**Dataset excerpts**

· · · ·

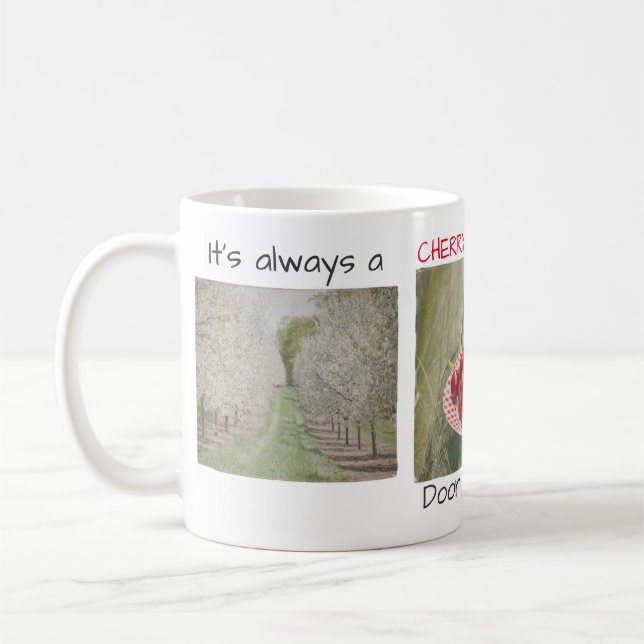 Door County Cherry Blossom Coffee Mug (Left)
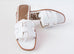 Hermes Womens White Oran Sandal Slipper 36 Shoes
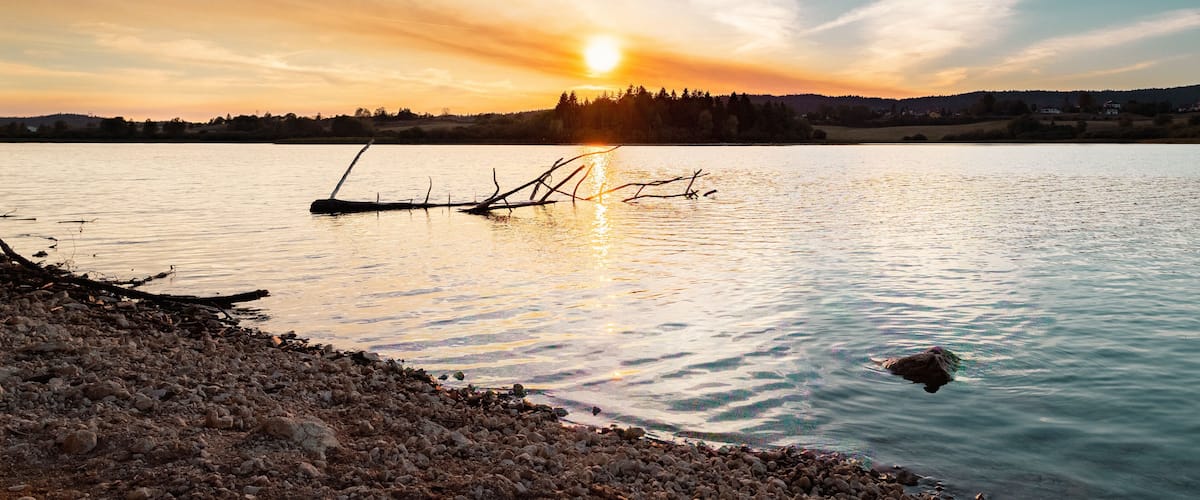 Coucher de soleil - Lac de l'Abbaye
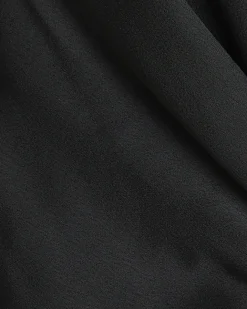 River Island Plus satin long sleeve mini dress Black Outlet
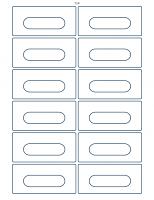 Audio cassette labels - 12 up - 4 rounded corners - 250 sheets
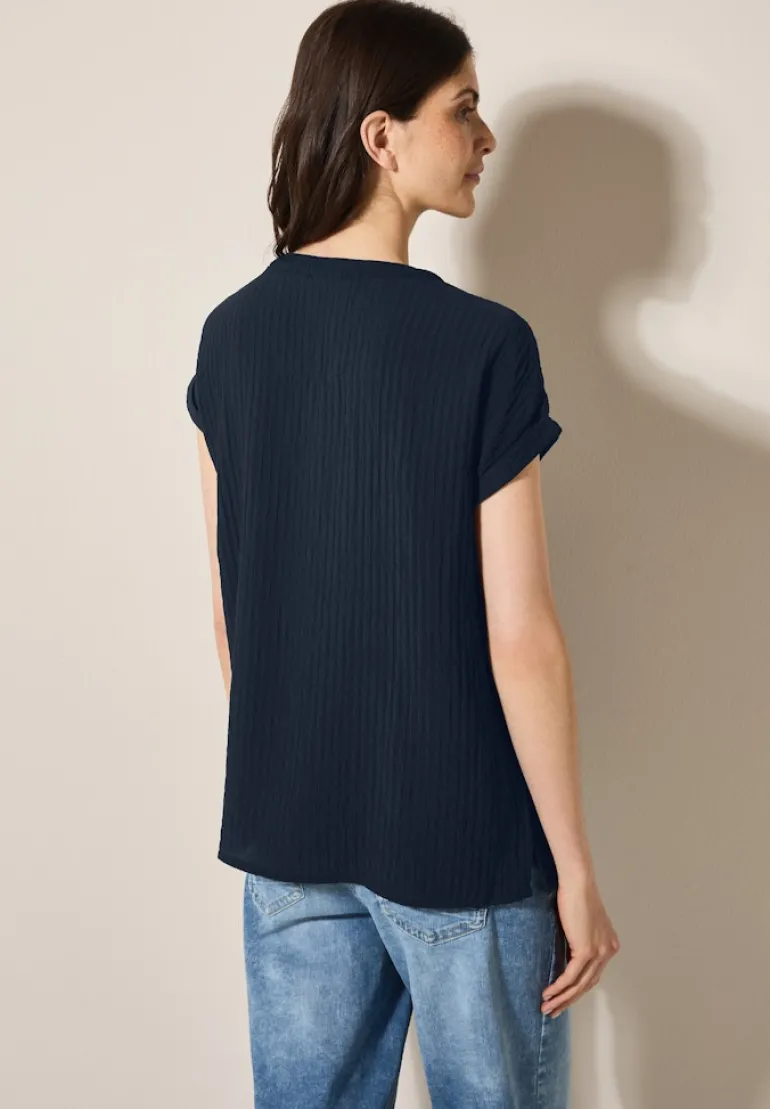 Strukturbluse universal blue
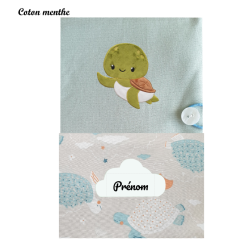 Protège carnet de santé tortue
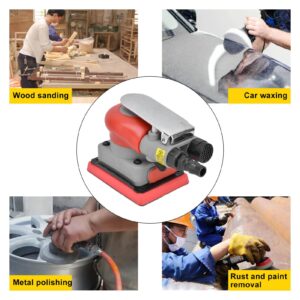 Pneumatic Sander Pneumatic Sander Alloy Steel Air Sanding Machine Sandpaper Machines For Wood 75X100Mm Pneumatic Sander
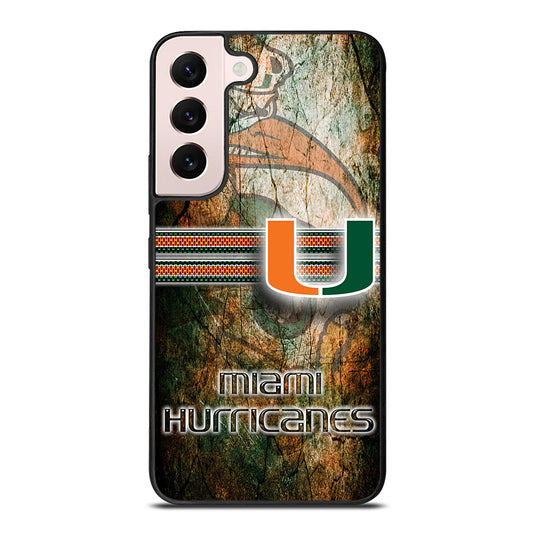 MIAMI HURRICANES NFL 3 Samsung Galaxy S22 Plus Case Cover
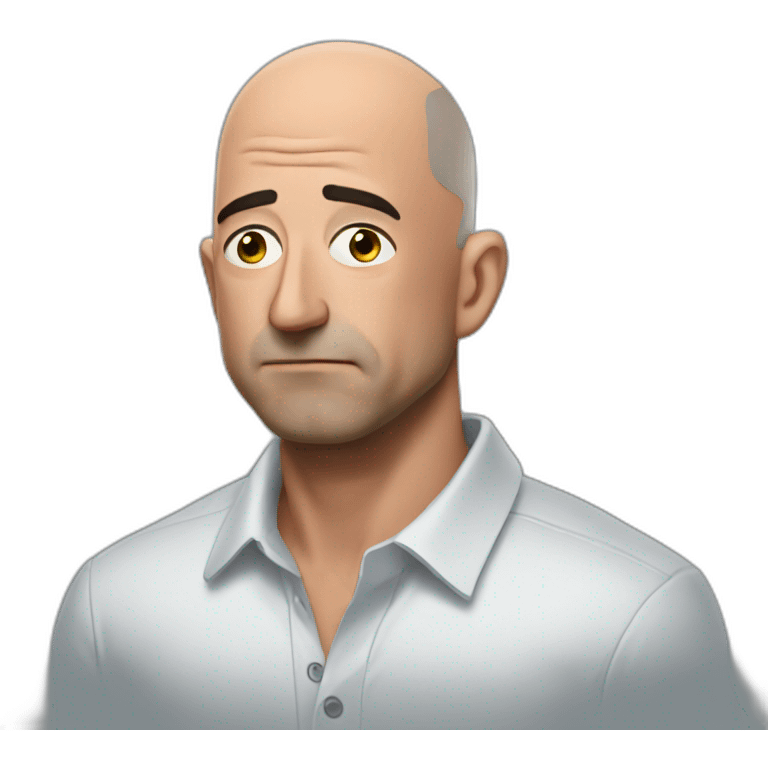 Jeff bezos sad emoji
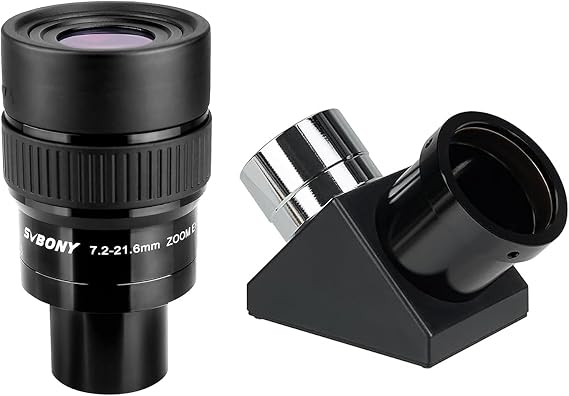 SVBONY SV191 Zoom Eyepiece Bundle with SVBONY SV221 90 Degree Diagonal Mirror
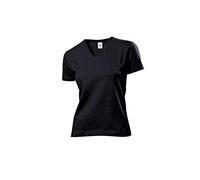 Stedman Apparel - Classic-t V-neck/St2700, T-Shirt Donna, Nero (Black Opal), 40 (Taglia Produttore: L)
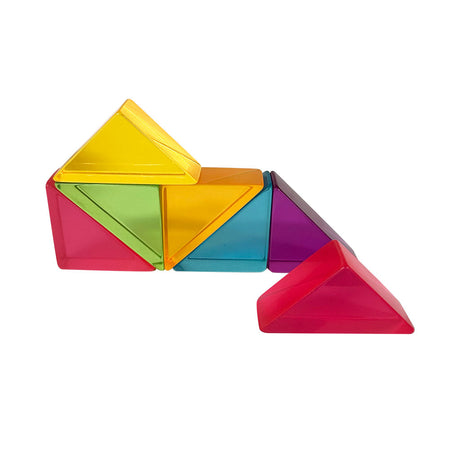Large Lucite Triangles - 24pc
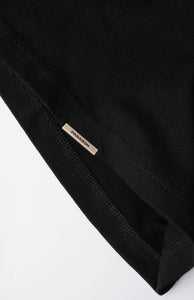 Cropped Signature Blank Tee - Black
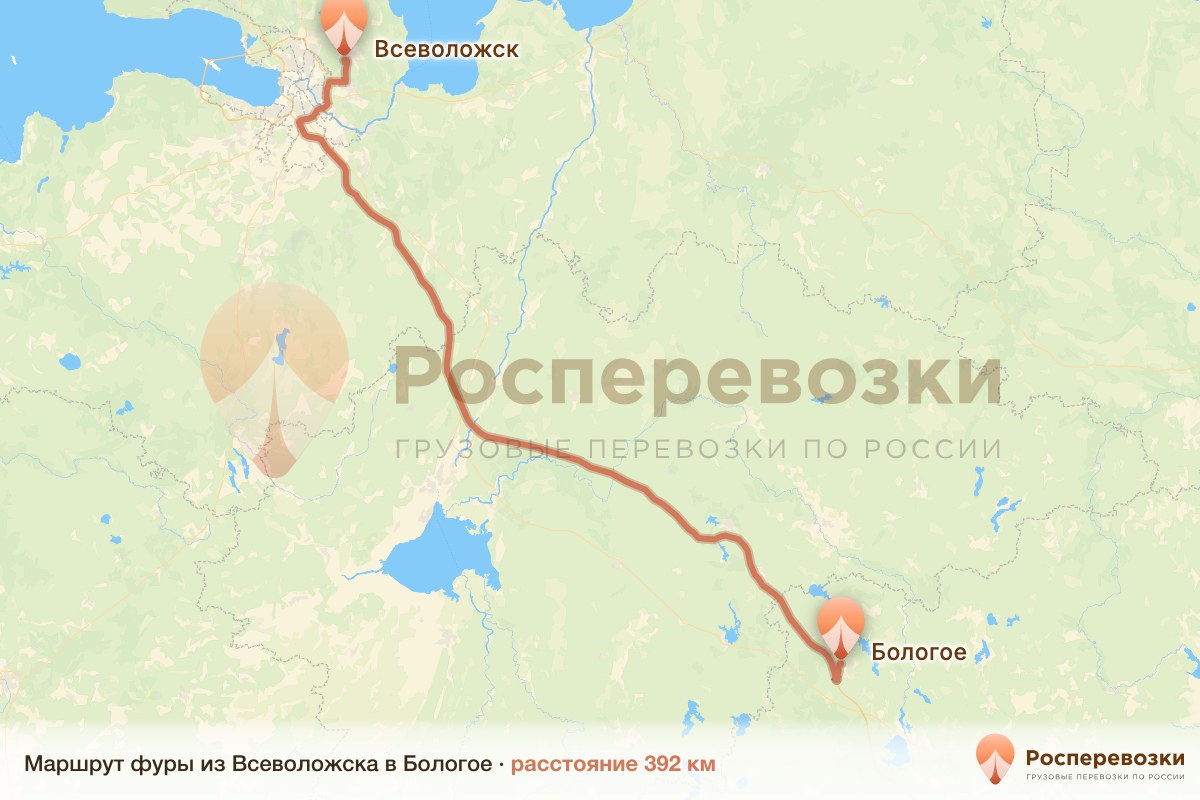 Фура Всеволожск Бологое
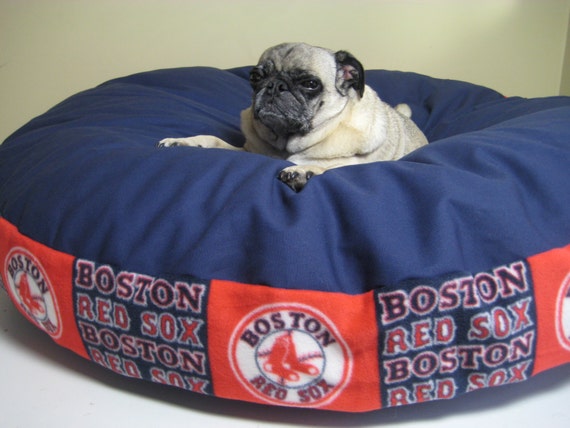 red sox dog bed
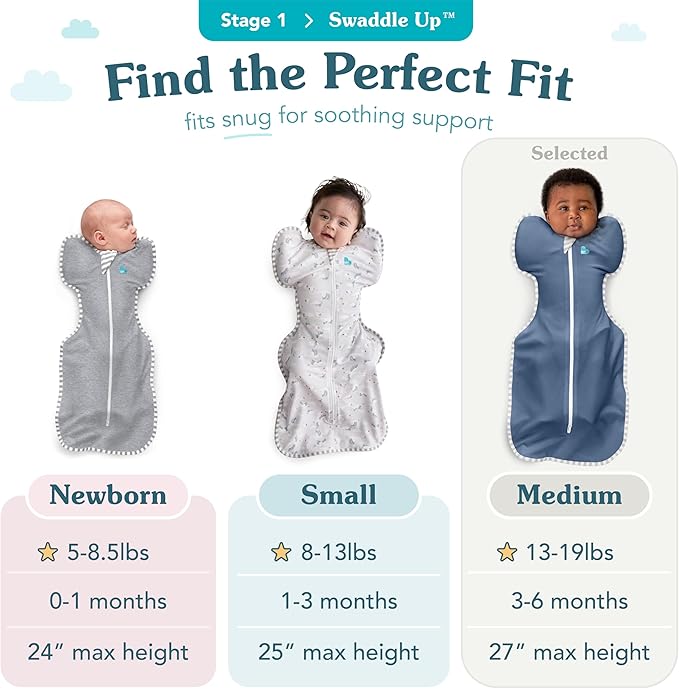 Love to Dream Swaddle UP, Baby Sleep Sack, Self-Soothing Swaddles for Newborns, Get Longer Sleep, Secure Fit Helps Calm Startle Reflex, Newborn Essentials for Baby, 1.0 TOG, Medium 13-19 lbs, Coral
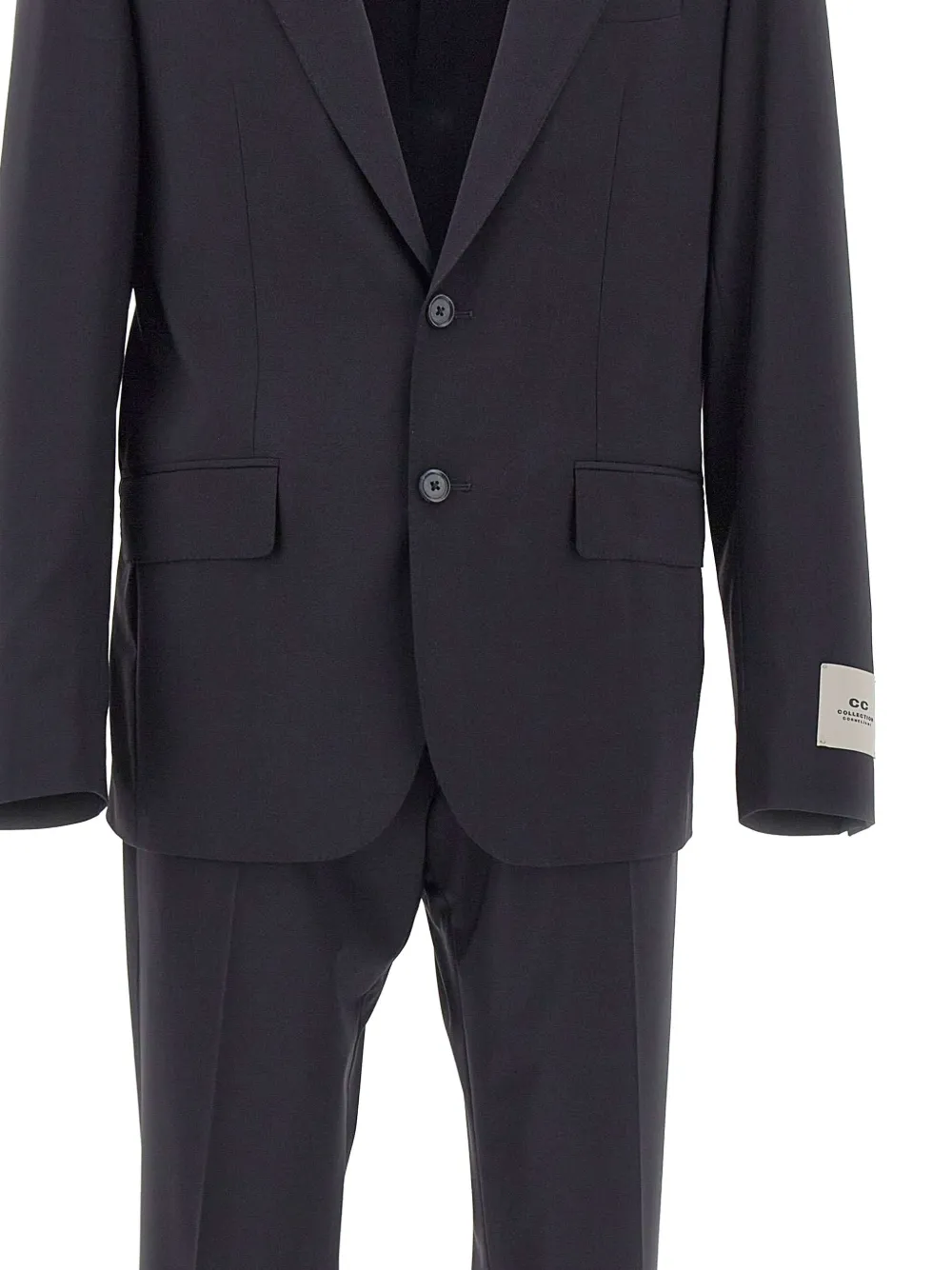 Corneliani CC Collection pak met enkele rij knopen Blauw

· · · ·

**Your task**
Going back to the data above, write out everything from the line with "MIAMI HURRICANES NFL" down to the line with "Cropped Signature Blank Tee - Black", both included, leaving every picture out.

**Written solution**
 MIAMI HURRICANES NFL 3 Samsung Galaxy S22 Plus Case Cover
 Jeff bezos sad emoji
 SVBONY SV191 Zoom Eyepiece Bundle with SVBONY SV221 90 Degree Diagonal Mirror
 Stedman Apparel - Classic-t V-neck/St2700, T-Shirt Donna, Nero (Black Opal), 40 (Taglia Produttore: L)
Large Lucite Triangles - 24pc
 Cropped Signature Blank Tee - Black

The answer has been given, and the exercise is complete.